Just check out the results.
Jackson started out at an Elephant Age of 4.17. As an almost twelve year old, it’s clear why Shannon was concerned for his grades. As he continued on in the game, his growth skyrocketed, and in two months, he went from way below average to almost exactly his actual age. That 4.17 turned into a 10.05, yielding a 5.88 year difference in 10 weeks.
Focusing on his own self-growth only benefited him, and Shannon could see the sense of accomplishment in his eyes every time he closed down the game before bed. She felt accomplished too, knowing that he started to feel the same love of math that she was.
Now, Jackson won’t feel like he’s falling behind when he sees an A on his friend's test next to him, and a C on his own.
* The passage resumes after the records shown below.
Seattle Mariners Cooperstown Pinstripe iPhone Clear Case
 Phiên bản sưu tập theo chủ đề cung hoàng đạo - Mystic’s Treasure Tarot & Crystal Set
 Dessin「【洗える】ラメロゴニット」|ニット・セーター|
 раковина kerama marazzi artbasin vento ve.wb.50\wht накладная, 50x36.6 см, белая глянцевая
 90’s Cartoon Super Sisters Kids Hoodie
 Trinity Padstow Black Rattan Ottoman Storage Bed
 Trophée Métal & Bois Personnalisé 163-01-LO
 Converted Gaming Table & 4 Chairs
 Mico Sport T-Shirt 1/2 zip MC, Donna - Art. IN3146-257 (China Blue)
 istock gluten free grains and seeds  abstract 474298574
All he sees is his personal score, his learning curve, and his capability of growth.
And this didn’t only affect his own determination, but his little sister’s, too.
Cassidy is three years younger than her brother, so naturally, she looks up to him, especially when she’s struggling and needs a good role model. Seeing him confidently complete his games after dinner inspired her to have the same experience.
She came into the program with a 6.3 Elephant Age, which is about two years below her actual age. With the same stamina and determination of her brother, she raised her age 3.5 points, which brought her to well above her actual age (and her classmates!) at a 9.81.
Just like with the swift kick of a soccer ball, Shannon and her kids won the game, but it wasn’t that of perfection, but that of growth.